» **The problem**
Would you please return the lines of the entries below starting at the line that has "31 สิงหาคม 2569" and ending at the line that has "17352 Magnolia Blvd, Encino, CA", both included, exactly as they are?

» **Given records**
┄┄┄┄┄┄
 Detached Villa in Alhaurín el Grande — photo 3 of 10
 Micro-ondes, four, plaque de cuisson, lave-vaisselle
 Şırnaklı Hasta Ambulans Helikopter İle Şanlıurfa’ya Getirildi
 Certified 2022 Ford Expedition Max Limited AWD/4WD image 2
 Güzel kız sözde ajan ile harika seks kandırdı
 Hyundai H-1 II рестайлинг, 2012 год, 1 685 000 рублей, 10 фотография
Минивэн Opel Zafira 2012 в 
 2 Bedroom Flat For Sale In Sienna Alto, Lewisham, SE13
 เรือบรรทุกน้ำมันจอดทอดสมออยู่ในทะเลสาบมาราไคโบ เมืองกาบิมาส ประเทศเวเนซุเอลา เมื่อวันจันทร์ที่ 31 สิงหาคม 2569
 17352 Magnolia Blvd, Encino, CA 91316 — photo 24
┄┄┄┄┄┄
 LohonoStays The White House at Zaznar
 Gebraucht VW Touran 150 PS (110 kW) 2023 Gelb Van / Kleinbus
┄┄┄┄┄┄
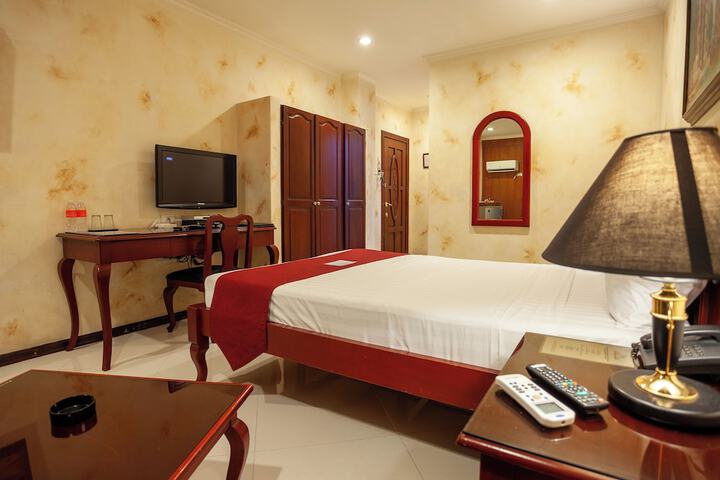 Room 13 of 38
┄┄┄┄┄┄
» **Your response**
 เรือบรรทุกน้ำมันจอดทอดสมออยู่ในทะเลสาบมาราไคโบ เมืองกาบิมาส ประเทศเวเนซุเอลา เมื่อวันจันทร์ที่ 31 สิงหาคม 2569
 17352 Magnolia Blvd, Encino, CA 91316 — photo 24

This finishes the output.